Nachdem sie am 4. Juli 2017 gewählt worden war, reiste sie am 5. Juli 2017 nach Vorpommern, gemeinsam mit dem zuständigen Staatssekretär Patrick Dahlemann, ihrem Ost-Beauftragten. In der Gegend wählt teilweise jeder Dritte AfD. Die Arbeitslosigkeit ist zwar deutlich gesunken, aber noch immer hoch, das Lohnniveau niedrig und der Staat oft fern. Viele Landstriche sind entvölkert, viele Wohnungen auf Rügen oder Usedom sind für Urlauber da und für Einheimische unbezahlbar. Das alles soll sich ändern, das Breitbandnetz vergrößert werden, der Bus notfalls auf Bestellung kommen.

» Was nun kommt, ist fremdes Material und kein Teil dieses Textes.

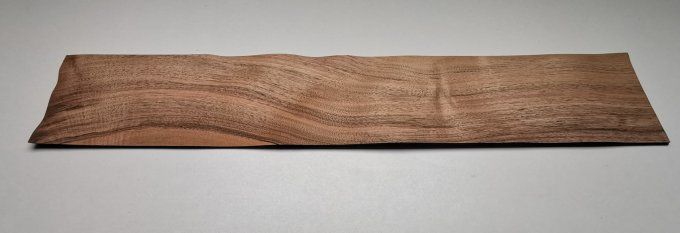 Lot 7x Noyer 77 x 13 cm L50A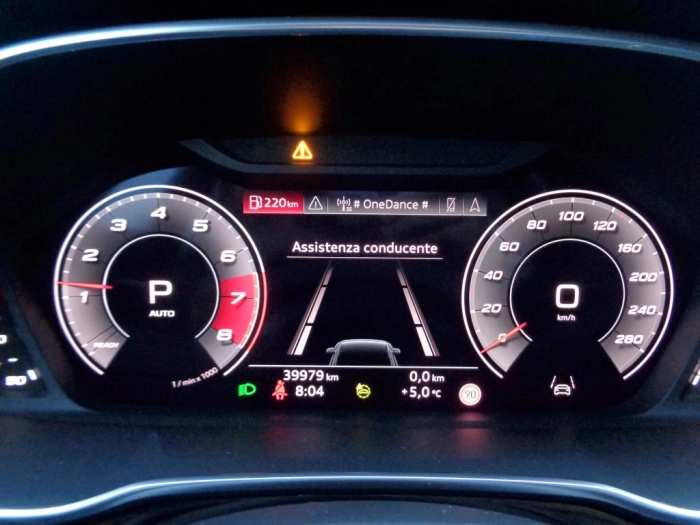 Audi Q3  45 2.0 tfsi quattro s-tronic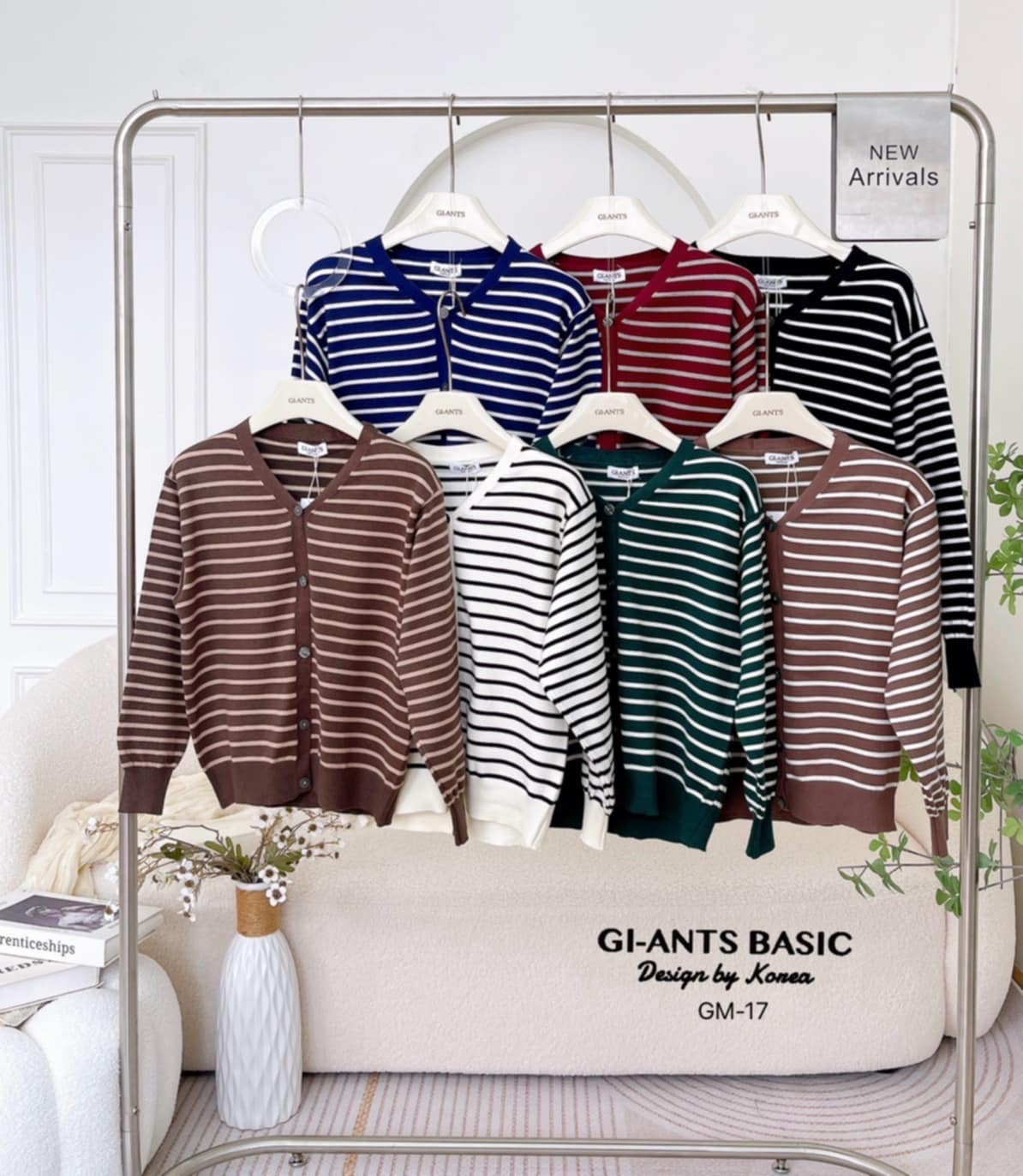 Gi-ants Striped longsleeves 48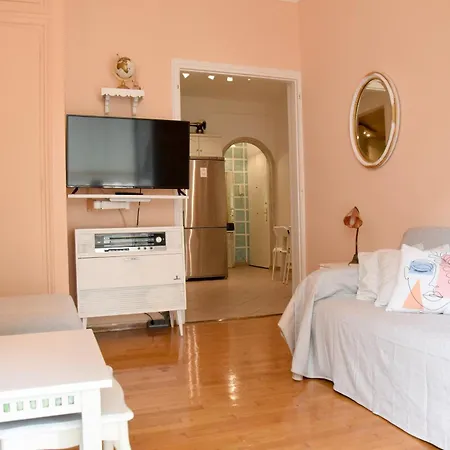 Elektras Akropolis Apartment Athens Exterior photo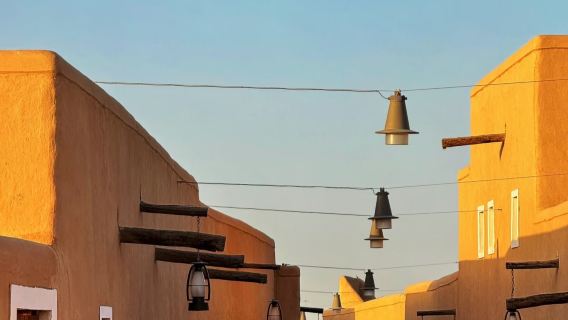 沙烏地阿拉伯&利雅得來回| %咖啡+博物館+古城 |包車日遊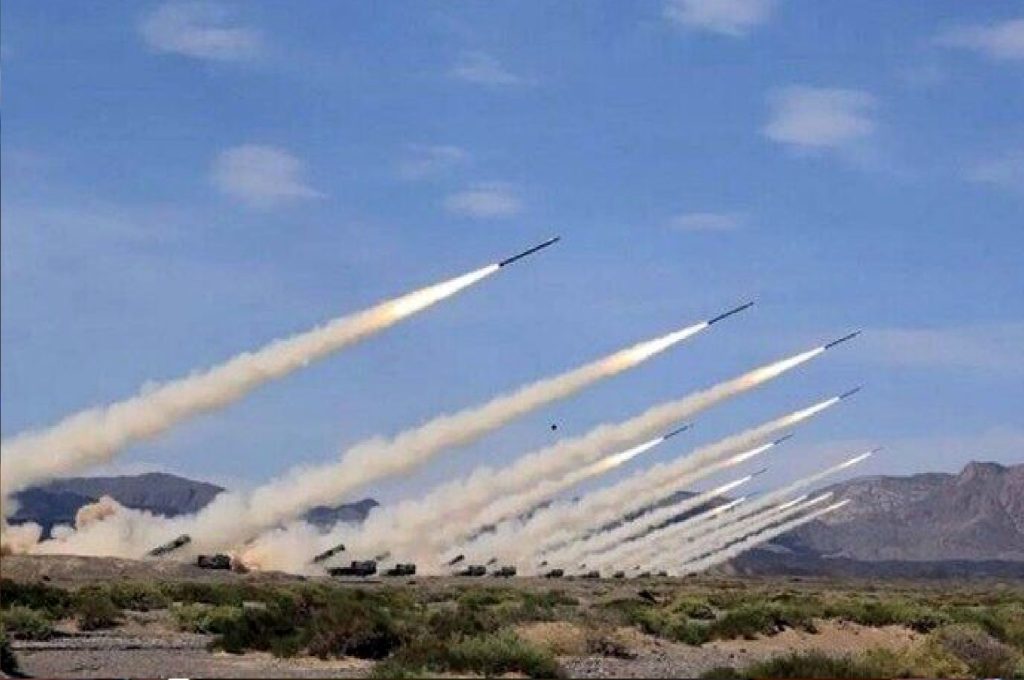 تاکتیک جدید ایرانی که دشمن را آچمز می‌کند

Ein Abend im November 2017, Bürgerforum in Wismar im Westen von Mecklenburg-Vorpommern, zwei Tage nach dem Jamaika-Aus. Gastgeberin Schwesig trägt einen Hosenanzug und stellt sich den Fragen des Publikums. Es geht um Schulen, Straßen, Renten, Pflege - und auch um die Groko, die Schwesig in diesen Stunden noch ablehnt. "Ich war immer in Regierungsverantwortung, seit ich in der Politik bin", sagt die Ministerpräsidentin. Dann hört sie viel zu und antwortet, Mitarbeiter machen Notizen. "Frau Ministerin", nennen sie manche Gäste noch, doch Berlin ist in solchen Momenten weit weg.

Manuela Schwesig mag Twitter, Facebook, PR-Termine. Aber sie lernt in diesem Job wieder, dass sie selbst in abgelegenen Dörfern mit den Leuten am Biertisch sitzen muss, um anzukommen. "Sie müssen die Menschen auch emotional mitnehmen, das hat die AfD gezeigt, aus meiner Sicht natürlich im negativen Sinne", sagt sie in ihrem schönen Schweriner Büro. "Die Kümmerer-Kompetenz ist das A und O. Die Menschen müssen das Gefühl haben: Die haben uns im Blick." Dann fährt sie im Dienstwagen wieder nach Berlin.